FAISS vector database created with COSINE distance configuration.

Search results for query: 'What is RAG'

----------------------------------------
Relevance Score (0-1, higher is better): 258.9944
Document snippet: Broader Impact
This work offers several positive societal beneﬁts over previous work: the fact that it is more
strongly grounded in real factual knowledge (in this case Wikipedia) makes it “hallucinate” less
with generations that are more factual, and offers more control and interpretability. RAG could be
employed in a wide variety of scenarios with direct beneﬁt to society, for example by endowing it
with a medical index and asking it open-domain questions on that topic, or by helping people be more
effective at their jobs.
With these advantages also come potential downsides: Wikipedia, or any potential external knowledge
source, will probably never be entirely factual and completely devoid of bias. Since RAG can be
employed as a language model, similar concerns as for GP

In [20]:
import boto3
from langchain_aws import BedrockEmbeddings, ChatBedrockConverse

bedrock_client = boto3.client(
    service_name="bedrock-runtime",
    region_name="us-east-1" # Use your region
)

# Initialize the Bedrock LLM (Example using Claude 3 Haiku)

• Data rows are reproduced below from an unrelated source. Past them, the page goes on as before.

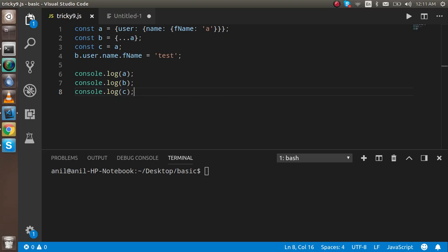Hi guys, welcome back! Today we have another JavaScript tricky question, and you have to guess the output. The interesting thing in this question is that you have to guess the output three times, because I will change it a little bit three times.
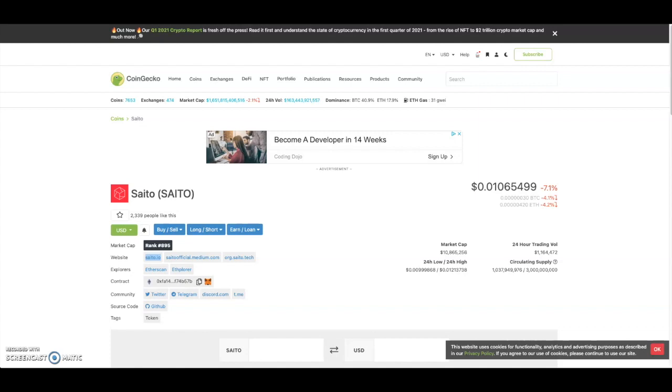What's good cryptocurrency fans out there, welcome back to the Everything Altcoin channel. Today we're going to be talking about Saddle. This is looking like a pretty good project.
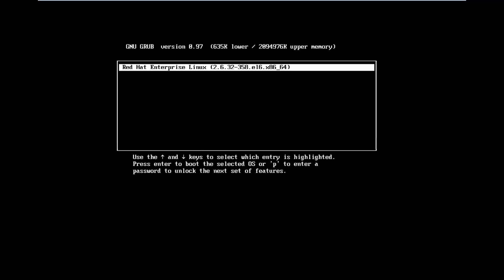Let's try to edit the menu. If you see here, it's asking us to press P to enter a password to unlock the next set of features. The server will boot normally when you press Enter with the current kernel parameters. But if somebody intends to make any amendment here, they need to know the password.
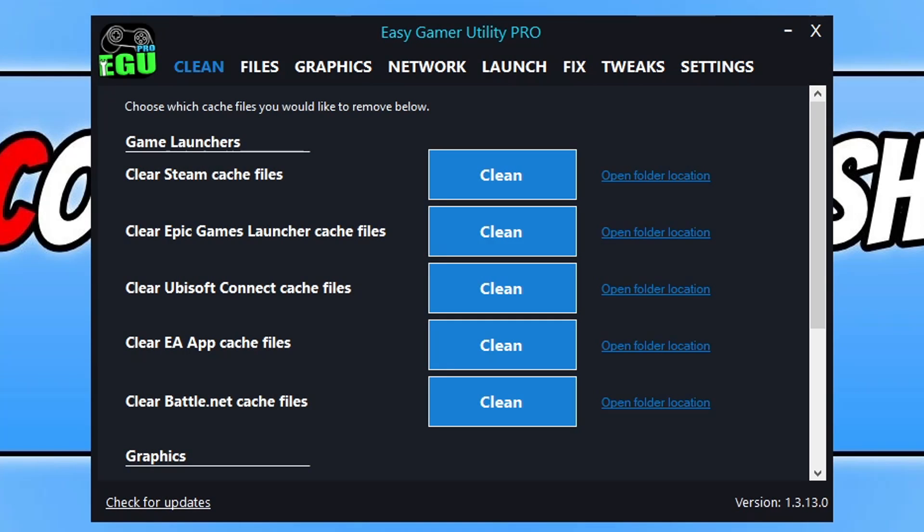What's up everyone, how's it going? In this video I'll be showing you how to restart the shaders cache in Modern Warfare 3. Before we get started, I want to quickly show you a program that I created.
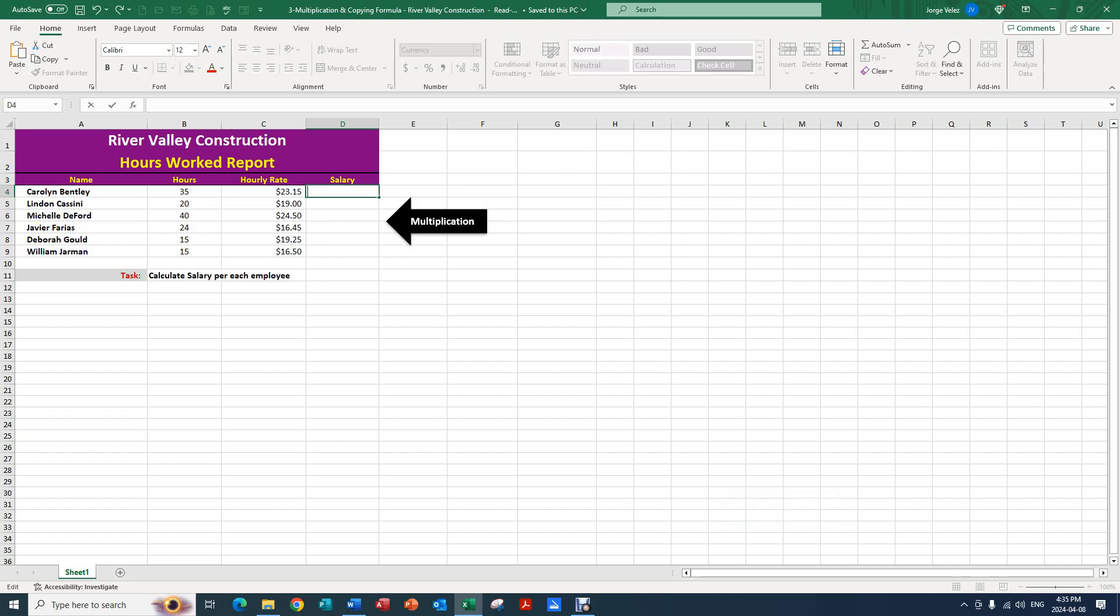Hello, today we're going to be using Excel to practice multiplication and copying formulas. First and foremost, we have to analyze our sheet. In this sheet we're looking at a hours worked report.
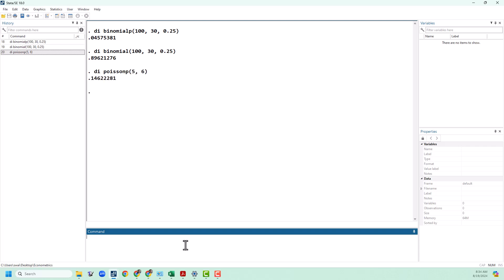We can see that is about a 15% chance of happening. We can use the cumulative distribution function to see what is the probability when the arrival rate is 5 of 0, 1, 2, 3, 4, 5, or 6 arrivals happening. So just like with binomial, we leave the P off for that one. We can see that's about a 76% chance of happening.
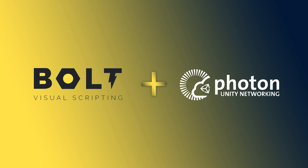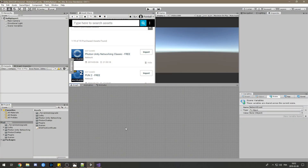Let's jump into the actual tutorial. I already have a project set up — it's an empty project with Bolt and Photon already installed. I'm assuming you're already a Bolt user who knows how to install it. I'm using Bolt 1.4 and Unity 2018.3. For Photon, you need to install Photon Unity Network Classic, as it works best with Bolt. I already tried PUN 2 but a couple of things were not working well.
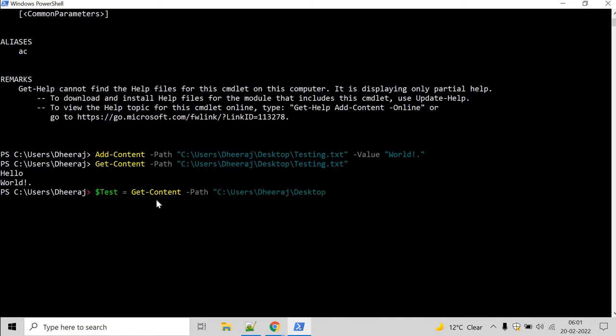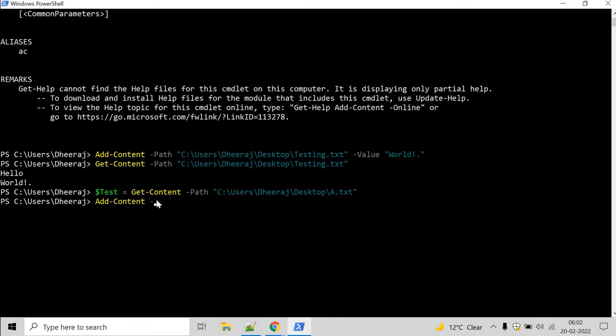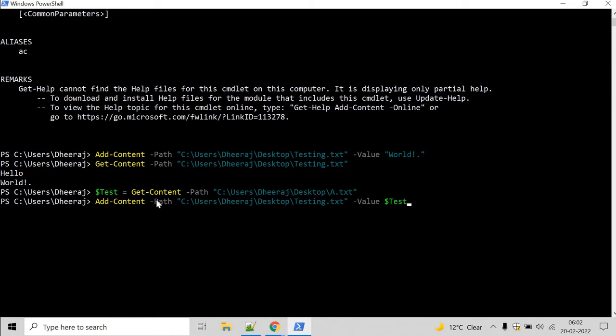Path then give the path a.txt and after that let's add the content inside the testing file. So add content, let's give the path slash testing.txt and we need to use the value parameter and here we will use the variable that we have declared test.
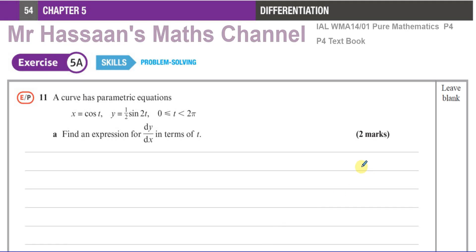Welcome back. This is Mr. Hassan's Math Channel. Now answering question number 11 from the P4 textbook, exercise 5A. This is from the International A-Level textbook from Edexcel — Pearson's Edexcel — and this is exercise 5A, which is about the chapter on differentiation.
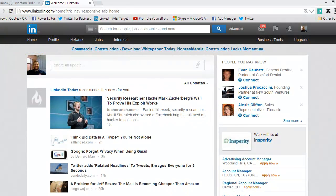Hey everybody, this is Ryan from LinkedIn University. Today we're going to talk about how to change your headline on your LinkedIn profile. Your headline is important because it's the first impression people get when they see you. They see your picture and they see your headline. Your headline tells them exactly what you're all about, so it's important to make sure it's accurate and it tells your full story.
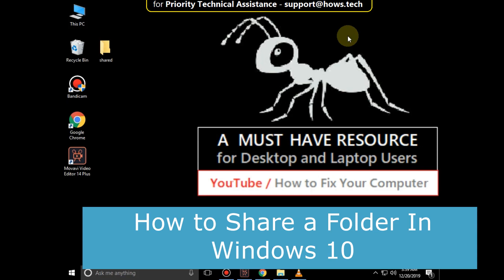It is going to be a 4 steps process for how to share a folder in Windows 10.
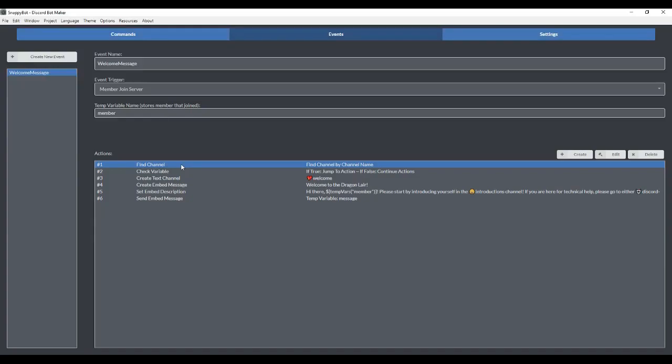Hey everybody, this is Kressel Snapdragon with another Discord bot tutorial. This tutorial is specifically going to be aimed at creating events. Events are just things that occur automatically if, for instance, a member joins the server or a member leaves the server.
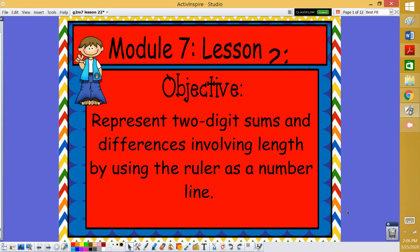Hi. Today we're going to work on representing two-digit sums and differences involving length using a ruler as a number line.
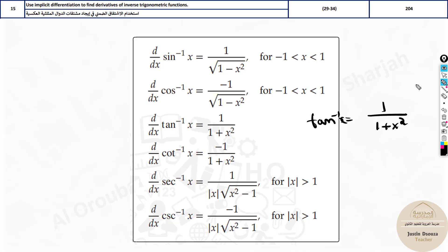You can see that some formulas have a negative sign. Why is that? The same rule applies: whenever you have cosine, cotangent, or cosecant, there is a negative sign. Only when it is a 'co-' function. Otherwise, for sine, tan, and secant, it's only positive.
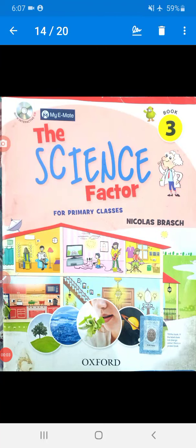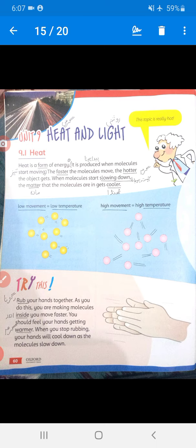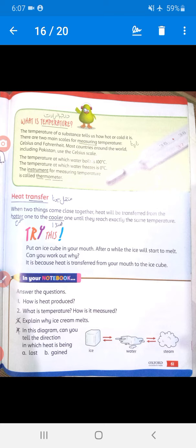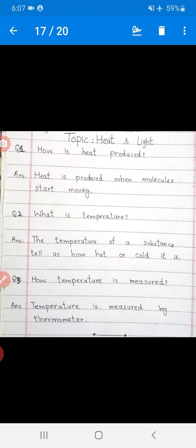Assalamu Alaikum. Class 3 Science book, topic: Heat and Light, Unit Number 9. Today we will write and learn question answers of this topic. So let's start — open your notebooks, draw a margin line, write the date, and write the topic: Heat and Light.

# Initialize the Bedrock LLM using ChatBedrockConverse (which uses Messages API)
llm = ChatBedrockConverse(
    model_id="us.anthropic.claude-sonnet-4-20250514-v1:0", # The model ID that caused the error previously
    client=bedrock_client,
    max_tokens=512,        # <-- Pass max_tokens directly
    temperature=0.1 
    # Note: Use 'max_tokens' instead of 'max_tokens_to_sample' for new models/APIs
    #model_kwargs={"max_tokens": 512, "temperature": 0.1}
)


In [26]:
from langchain_core.prompts import ChatPromptTemplate
from langchain_core.output_parsers import StrOutputParser
from langchain_core.runnables import RunnablePassthrough

retriever = db.as_retriever(search_kwargs={"k": 3})

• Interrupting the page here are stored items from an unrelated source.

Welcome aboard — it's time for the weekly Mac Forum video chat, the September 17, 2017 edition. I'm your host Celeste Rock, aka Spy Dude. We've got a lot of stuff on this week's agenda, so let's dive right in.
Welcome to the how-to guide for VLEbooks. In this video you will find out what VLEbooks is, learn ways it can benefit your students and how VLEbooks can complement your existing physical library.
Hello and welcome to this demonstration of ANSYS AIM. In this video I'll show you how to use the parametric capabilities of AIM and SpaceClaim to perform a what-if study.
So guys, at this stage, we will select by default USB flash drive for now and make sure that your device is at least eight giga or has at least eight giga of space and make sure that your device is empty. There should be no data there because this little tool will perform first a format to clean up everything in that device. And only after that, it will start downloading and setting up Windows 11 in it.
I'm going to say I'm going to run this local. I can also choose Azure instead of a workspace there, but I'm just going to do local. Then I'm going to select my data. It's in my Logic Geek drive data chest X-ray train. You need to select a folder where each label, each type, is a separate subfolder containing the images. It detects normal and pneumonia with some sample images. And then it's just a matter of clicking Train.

# --- 3. Define the RAG Prompt Template (Optimized for Chat Models) ---

# Chat models prefer system prompts and specific message roles.
# Use MessagesPlaceholder for more complex chat history handling if needed,
# but for basic RAG, we stick to system/human roles.
rag_prompt = ChatPromptTemplate.from_messages(
    [
        (
            "system",
            "You are a helpful AI assistant.\n\nContext: {context}",
        ),
        ("human", "{question}"),
    ]
)


# --- 4. Build and Run the RAG Chain ---
rag_chain = (
    {"context": retriever, "question": RunnablePassthrough()}
    | rag_prompt
    | llm
    | StrOutputParser()
)

question = "Who is elon musk?"
print(f"Asking question: {question}\n")

# Invoke the chain
response = rag_chain.invoke(question)

print("Response from Bedrock LLM:")
print(response)

Asking question: Who is elon musk?

Response from Bedrock LLM:
I don't see any information about Elon Musk in the provided context documents. The documents appear to be from a research paper about RAG (Retrieval-Augmented Generation) models and contain references to academic work, but they don't contain biographical information about Elon Musk.

To answer your question about who Elon Musk is, I would need different source material that actually contains information about him. The current context focuses on machine learning research, specifically around question-answering systems and language models.